Watching Touring Cars today i do miss the old TOCA Touring Cars game It was a fab game and they should release a new game! It was the kind of game that you could really get your teeth into when racing and a bit on contact too!:thumb:

Is there anything like it nowadays?


----------



## Deano (Jul 7, 2006)

yeah I remember that! first game with proper dynamics. Grid is pretty good. by no means a sim but its good fun.


----------



## Johnnyopolis (Oct 25, 2005)

I used to love TOCA2 on the xbox.. The open wheel racing was immense!


----------



## CraigQQ (Jan 20, 2011)

the closest thing to proper dynamics these days i find is forza 3..

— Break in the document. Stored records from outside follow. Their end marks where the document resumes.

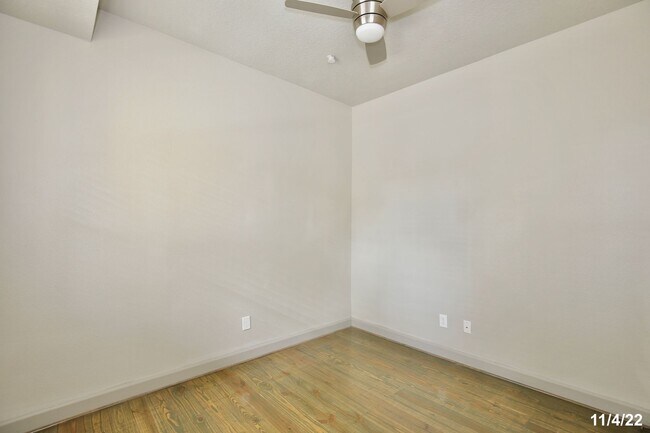 Photo - Beautiful 4/4.5 Home with 2 Car Garage in the Heart of Mills-Orlando!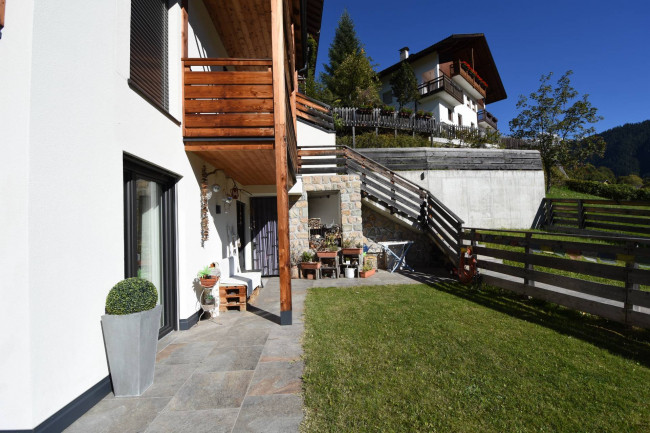 Lichtdurchflutete 3-Zimmer-Gartenwohnung mit großzügiger Sonnenterrasse und Panoramablick in Tiers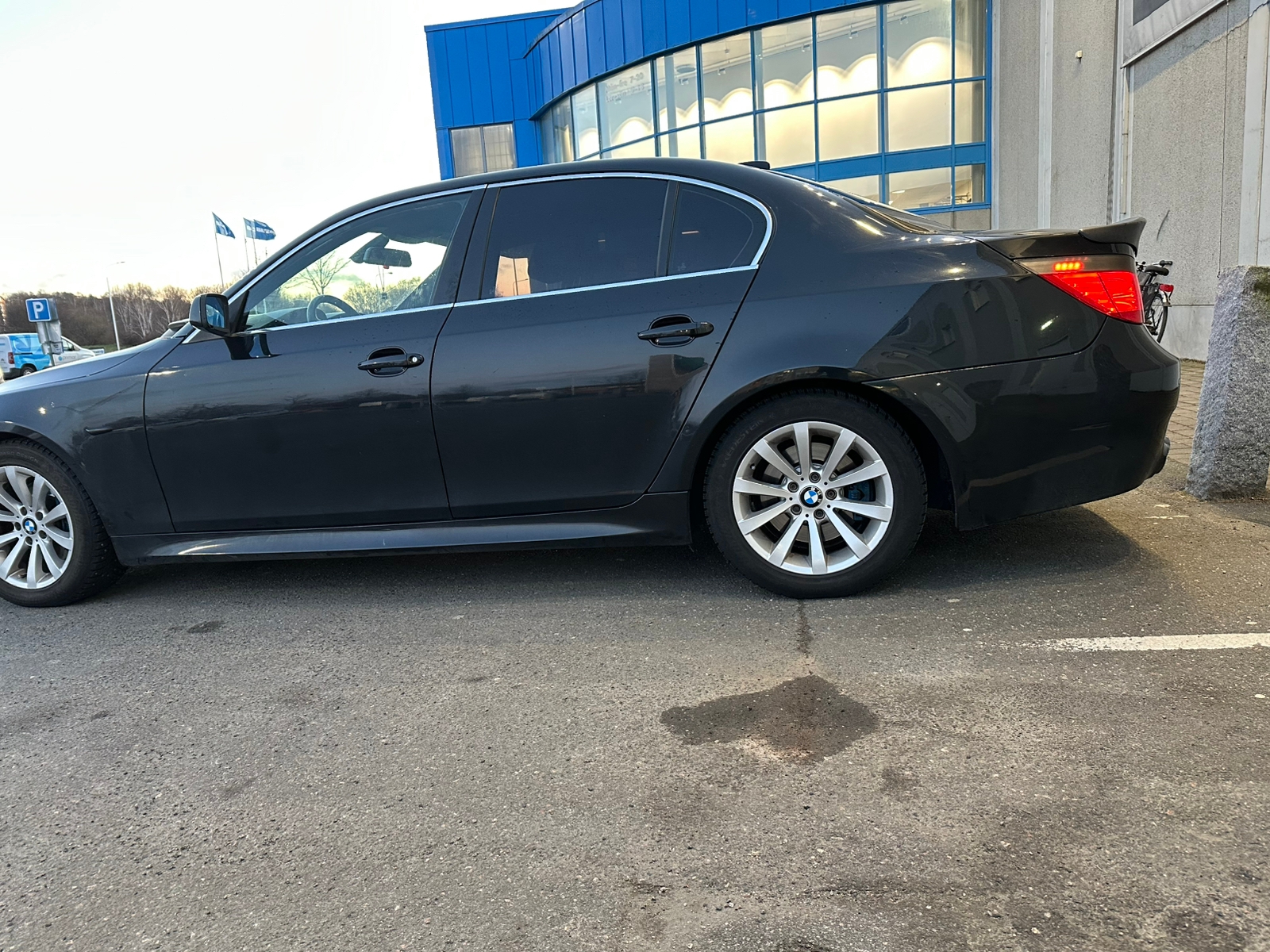 BMW 525d 2009, bild 2/8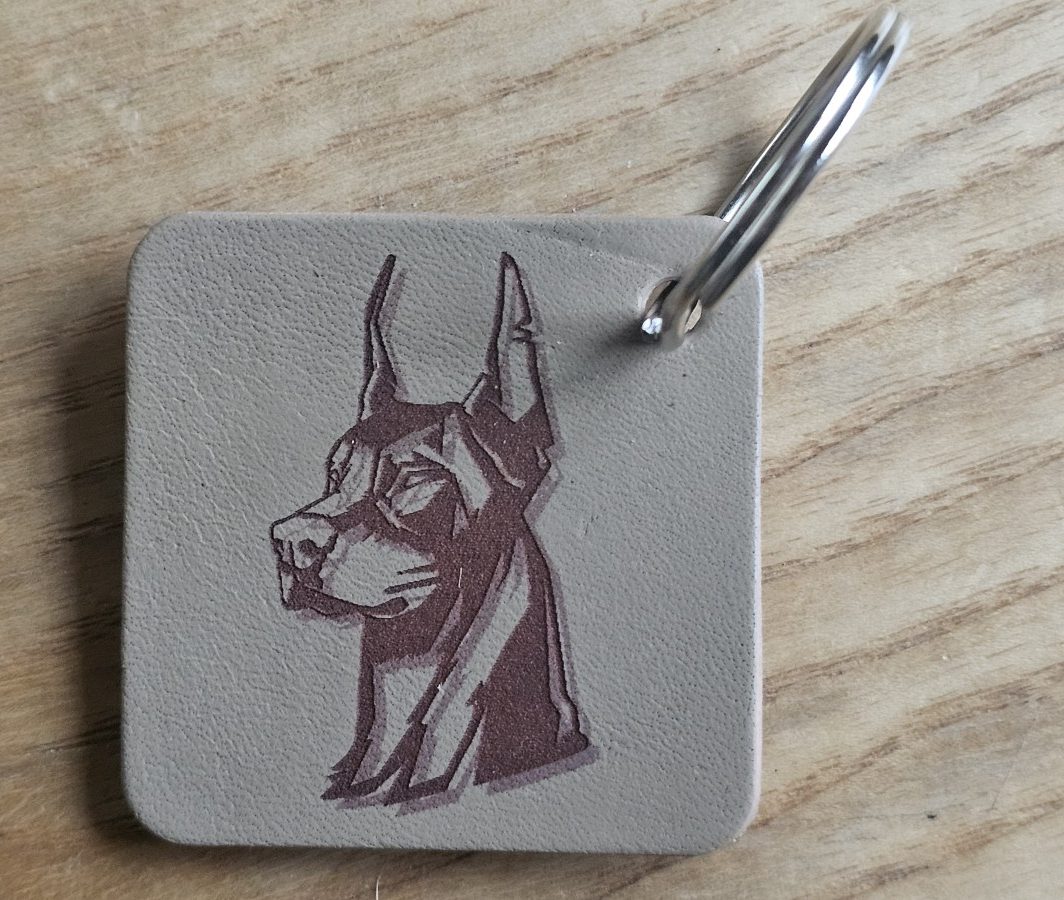 Raktų pakabukas "Dobermanas"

if you turn off all the helpers and assists you get a nice raw racing feel.
especially if you have the wheel and pedals..

im really tempted to build one of these but dont have the space to store it or enough time to use it lol









seen one done on a DIY website with a car seat from a scrapyard. a handbrake from a mini. a gear stick from a bmw.
steering wheel was opened up.. sensors for gear change up or down were removed, extended and connected to the gear stick in a 'tip tronic' style.
and one of the unused buttons were changed to being the handbrake button.. this was again removed and extended and fixed in a way that it was pressed down when the mini's handbrake was pulled it..

it was awesome and the closest i've seen to a proper sim set up.. having the gear stick and handbrake in the correct position..


----------



## tmitch45 (Jul 29, 2006)

Most of the current racing type games include loads of different levels and classes etc. It would be ace to see a saloon car style game that could include BTCC, DTM, world tourning cars and Australian V8 super cars. Now that would be worth getting!!


----------



## Dan J (Jun 18, 2008)

Had this on the psp and loved it


----------